**TASK DETAILS**: A word-for-word copy of the listing, free of images, is the expected answer.

**INPUT DATA**:
-- Opening Marker --
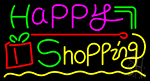 Happy Shopping Logo Neon Sign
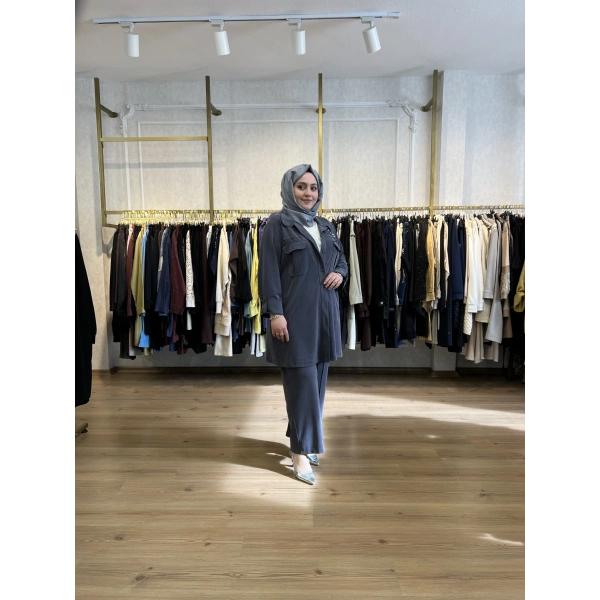 MEVA BY PUREVA Boncuk İşlemeli Nakışlı Tensel Takım
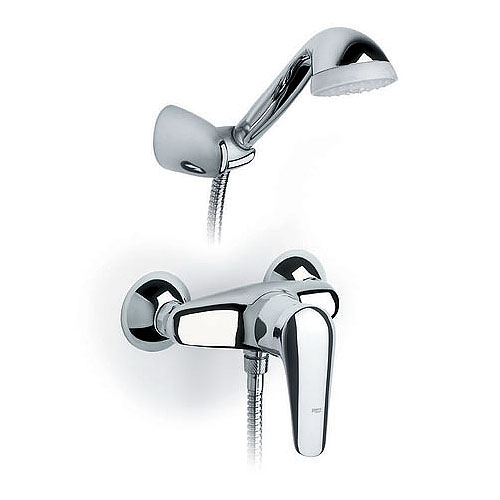 Roca Monojet-N vanová / sprchová baterie nástěnná se sprchou a přísl. A5A2039C00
-- Closing Marker --
**ANSWER SPACE**:
 Happy Shopping Logo Neon Sign
 MEVA BY PUREVA Boncuk İşlemeli Nakışlı Tensel Takım
 Roca Monojet-N vanová / sprchová baterie nástěnná se sprchou a přísl. A5A2039C00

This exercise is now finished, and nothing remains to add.